John the Deliveryman was only riffing on themes that have worked so well for the right for more than forty years: Democrats are atheist fat cats who want to raise your taxes and take away your hunting gun and make you join a union and encourage your son to be a homosexual and get your feminist daughter an abortion when she gets pregnant and aid and comfort all our enemies. Somehow it doesn’t seem all that clever when I say what Rush Limbaugh is getting paid $440 million to mouth off. The last time I visited the office of The Summerville News, there was a sign over the editor’s door saying “Don’t blame me, I voted for Jeb Davis.” As in Confederate president Jefferson Davis.

And therein lies the connection that no one discusses openly—your inherited fortune is safe as long as you’re onboard with white supremacy. One of the planks in Barr’s self-contradictory presidential platform is his promise to enforce immigration laws.
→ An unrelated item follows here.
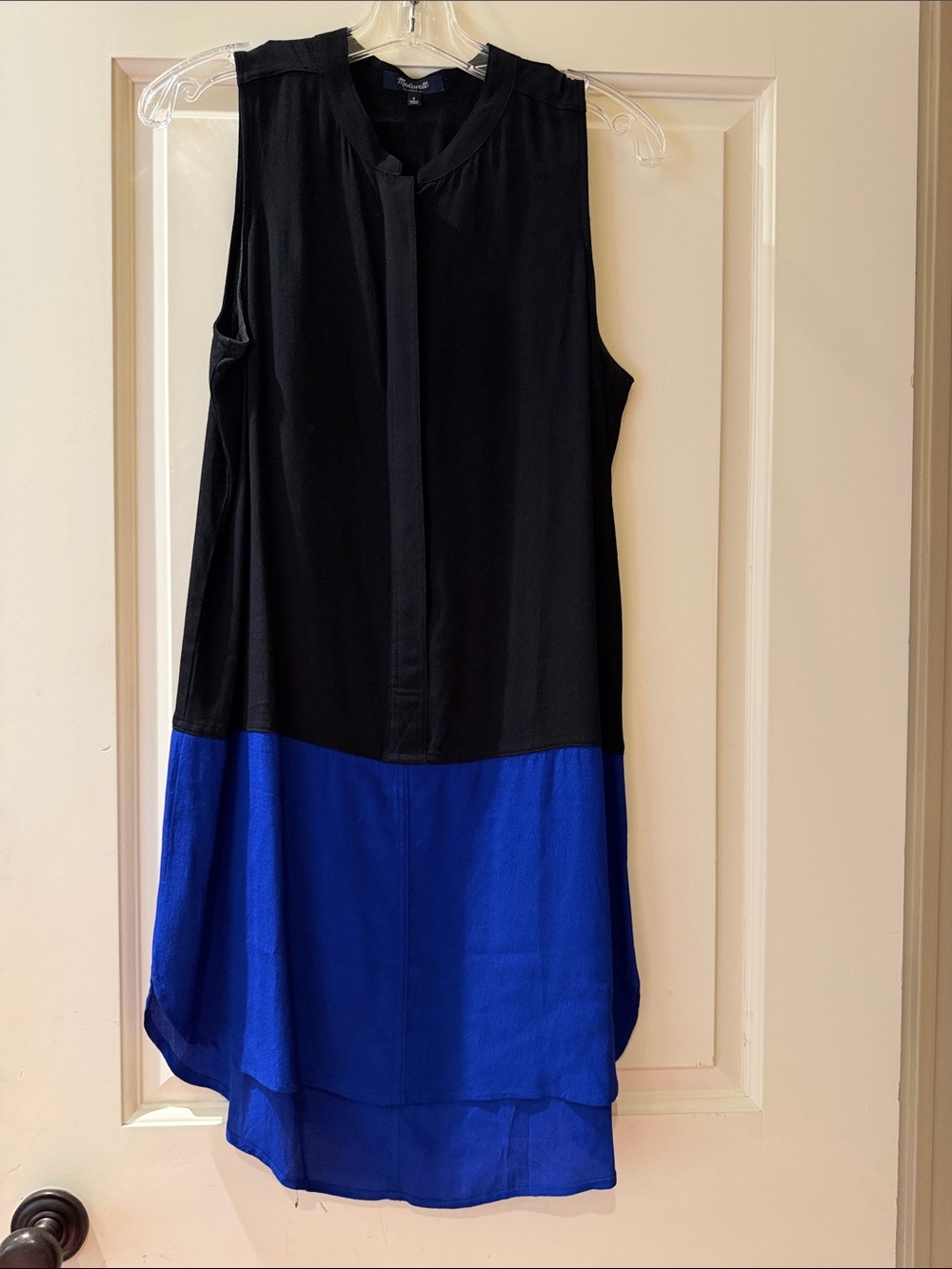 Madewell Black and Royal Blue Sleeveless Midi Dress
More than communists, it’s dark-skinned people that frighten the establishment. The African American population of Chattooga County is lower than in many Georgia counties, but in recent years, there has been a huge influx of Latino immigrants, not to mention a sizeable population of East Indians. So it must be monumentally threatening to the right that the son of an uppity white woman and a Kenyan is poised to walk into 1600 Pennsylvania Avenue.

I no sooner left Georgia, than Obama flew in and held a town hall meeting in the north Atlanta suburb of Powder Springs. Cobb County, in which it is located, was for many years a haven for those fleeing Atlanta’s integration and solidly Republican, so Obama was certainly not playing to his base. His message about our failing economy, the overextended mortgages and the simultaneous tightening of bankruptcy laws seemed to resonate with many of the 3,000 people who turned out to see him. In addition to the African-American vote, Obama needs roughly a third of white voters in Georgia to carry the state.
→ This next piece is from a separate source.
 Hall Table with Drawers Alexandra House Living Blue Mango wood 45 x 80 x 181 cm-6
Maybe it’s time to look for some pick-up trucks.

London’s Financial Times has a more dispassionate view of the Georgia political scene at
http://www.ft.com/cms/s/0/94ff19b2-4ee0-11dd-ba7c-000077b07658.html

1 comment

Comment from: Cathy Cliine [Visitor]
Ah, Carolyn. You and I know the South is like that. Every time I go back there, I am glad I left. And I imagine you are too. We don't ever want to go home again. And unfortunately Thomas Wolfe was wrong. You can go home again, and it never changes.